Headwinds

File Photo


India’s renewable energy story has, until now, been one of ambition and acceleration. With targets to double non-fossil fuel capacity to 500 gigawatts, the country’s energy transition is among the most aggressive in the developing world. But the government’s new proposal to tighten deviation norms for renewable producers ~ effectively demanding greater precision between forecasted and actual power supplied ~ signals a new phase: one where enthusiasm must meet engineering discipline. The Central Electricity Regulatory Commission’s move to gradually narrow the permissible deviation gap between committed and delivered energy reflects an important truth, that grid reliability cannot be sacrificed at the altar of green ambition.

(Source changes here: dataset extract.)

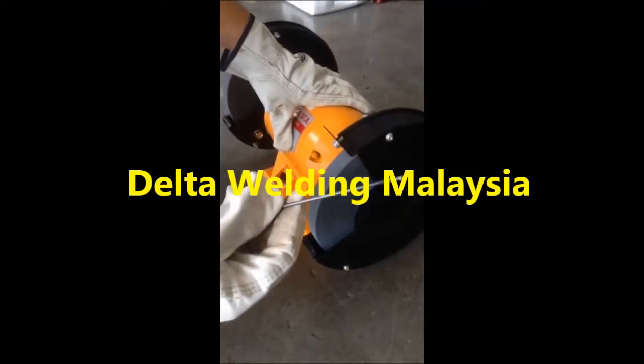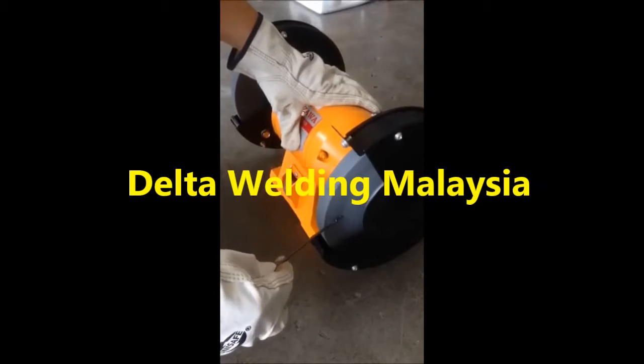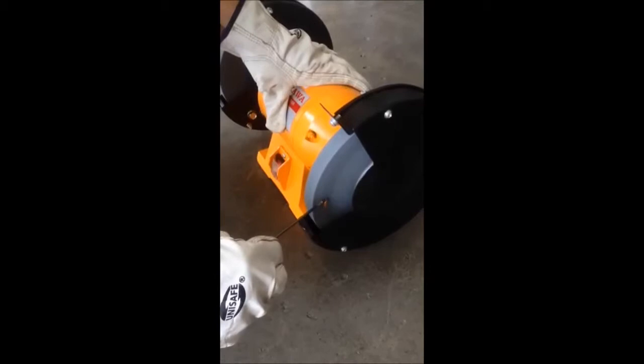Today I'll be demoing how to sharpen the TIG tungsten rod properly. Now there are many types of ways that you can sharpen the tungsten rod — for example, a hand grinder or cut-off machine. For me, I like to use the bench machine because it's easy, consistent, and it does the job perfectly.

As renewable capacity expands, unpredictability in generation, especially from wind and solar, can destabilise grid management. The principle of accountability, therefore, is sound. But the manner and pace of its enforcement deserve scrutiny. India’s grid reforms must evolve in tandem with its climate goals, not in conflict with them. Sudden regulatory tightening can strain investor confidence, stall new projects, and erode the trust built between private developers and policymakers. Predictability in rules is as vital to the energy ecosystem as predictability in power generation itself. Wind energy producers argue that these rules unfairly penalise the physics of their trade. Unlike solar, which follows daylight patterns, or coal and gas plants that can adjust output, wind generation depends on meteorological conditions beyond human control.

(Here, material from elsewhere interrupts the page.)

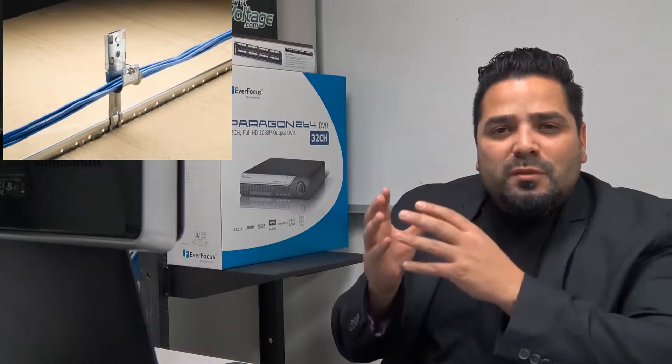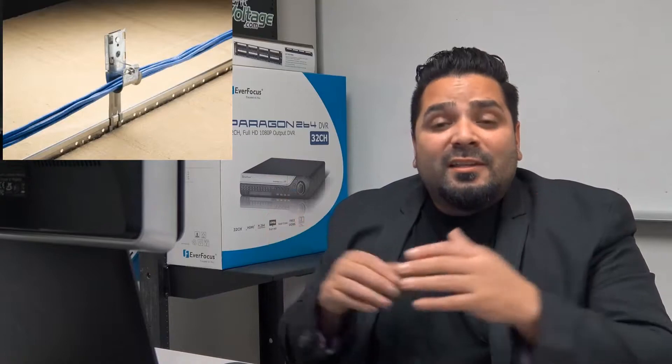As you're looking at that photo, you may be thinking: how often are you supposed to space these out? The EIA-TIA spec specifies every three to five feet to properly support the cable.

If penalties are imposed without allowing flexibility for such natural variability, projects that were financially modelled following earlier, looser norms could become unviable almost overnight. Industry estimates suggest that revenue losses for older wind farms could reach nearly half their earnings, a devastating blow for a sector already grappling with delayed payments and thin margins. Solar developers, too, have voiced concerns that strict adherence rules could raise operating costs and deter new investment, particularly for smaller players. Investors attracted by India’s clean energy narrative might think twice if regulatory uncertainty outweighs potential returns. The intent of better forecasting is welcome, but its implementation must be realistic and phased in harmony with technological and financial readiness.

The broader risk is that in trying to impose conventional standards on inherently variable renewables, India could inadvertently slow the very transition it seeks to accelerate. A more balanced approach would be to incentivise better forecasting tools, encourage hybrid generation models that combine solar and wind, and promote battery storage systems that smooth supply fluctuations. Instead of punishing unpredictability, the policy should reward innovation that reduces it. Ultimately, the credibility of India’s green transition will depend not just on the number of gigawatts installed but on the ecosystem that sustains them, one that integrates reliability with flexibility, discipline with support. The new deviation rules, though well-intentioned, should not turn into deterrents for those powering India’s clean energy future. What the sector needs is a clear roadmap, not a regulatory cliff.